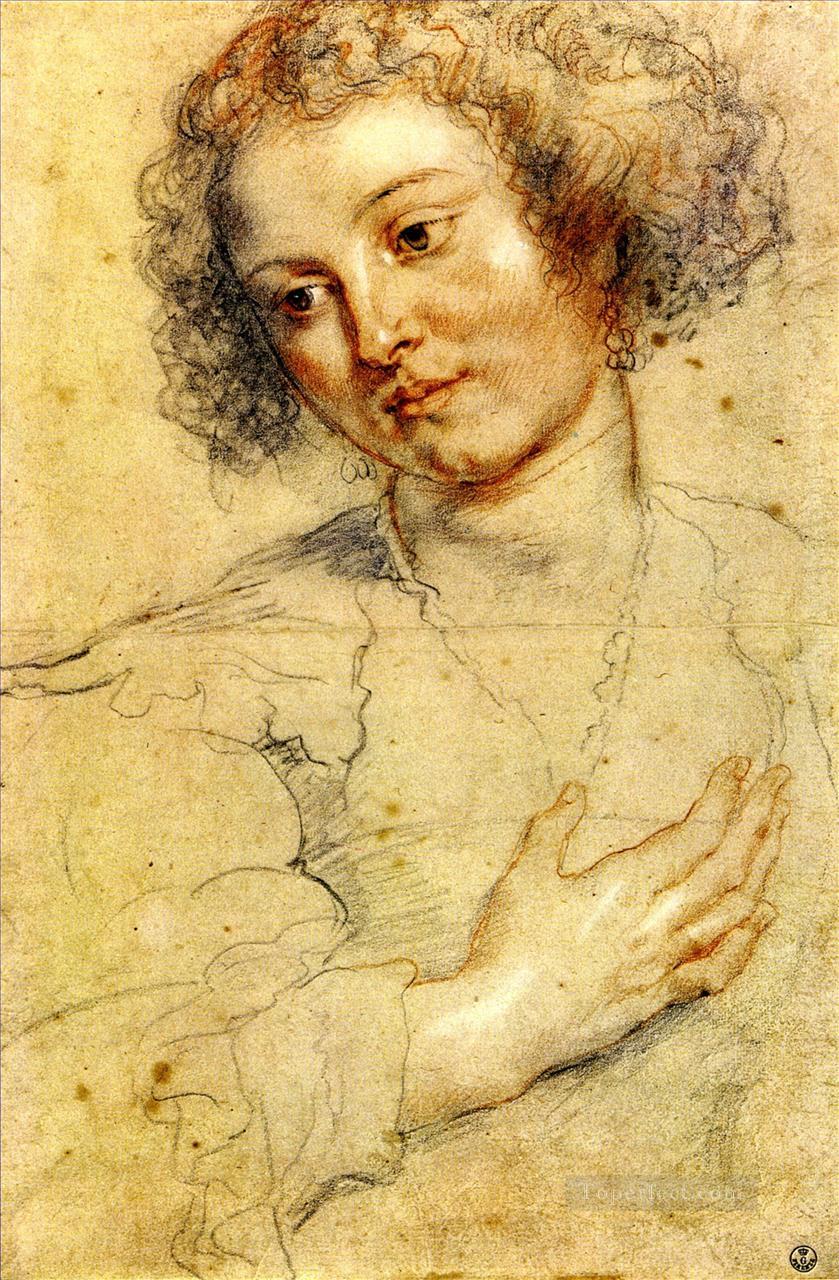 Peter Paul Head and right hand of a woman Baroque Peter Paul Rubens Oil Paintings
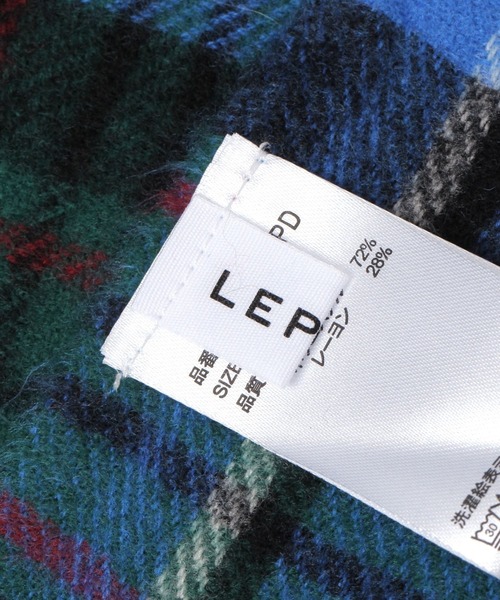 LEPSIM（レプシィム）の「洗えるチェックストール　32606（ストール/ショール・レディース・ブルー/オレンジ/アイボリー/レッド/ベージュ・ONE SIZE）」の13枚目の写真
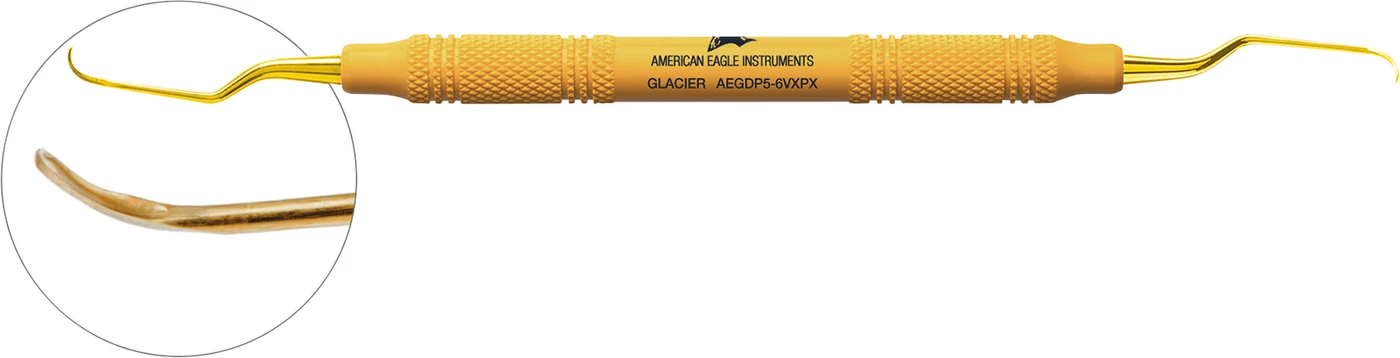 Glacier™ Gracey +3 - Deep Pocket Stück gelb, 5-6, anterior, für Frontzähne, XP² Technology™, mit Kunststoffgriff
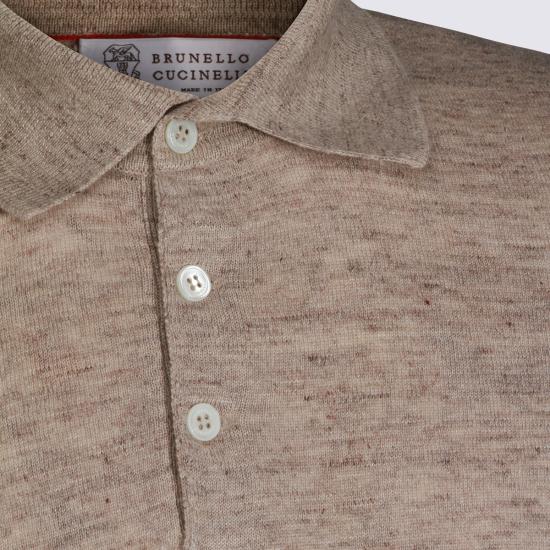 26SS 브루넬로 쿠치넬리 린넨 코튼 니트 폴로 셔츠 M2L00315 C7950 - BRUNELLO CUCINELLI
------------------------
WHAT IS NEEDED –
The data above must be written out again word for word, without its pictures.

EXERCISE OUTPUT –
 Peter Paul Head and right hand of a woman Baroque Peter Paul Rubens Oil Paintings
 LEPSIM（レプシィム）の「洗えるチェックストール　32606（ストール/ショール・レディース・ブルー/オレンジ/アイボリー/レッド/ベージュ・ONE SIZE）」の13枚目の写真
 Glacier™ Gracey +3 - Deep Pocket Stück gelb, 5-6, anterior, für Frontzähne, XP² Technology™, mit Kunststoffgriff
 26SS 브루넬로 쿠치넬리 린넨 코튼 니트 폴로 셔츠 M2L00315 C7950 - BRUNELLO CUCINELLI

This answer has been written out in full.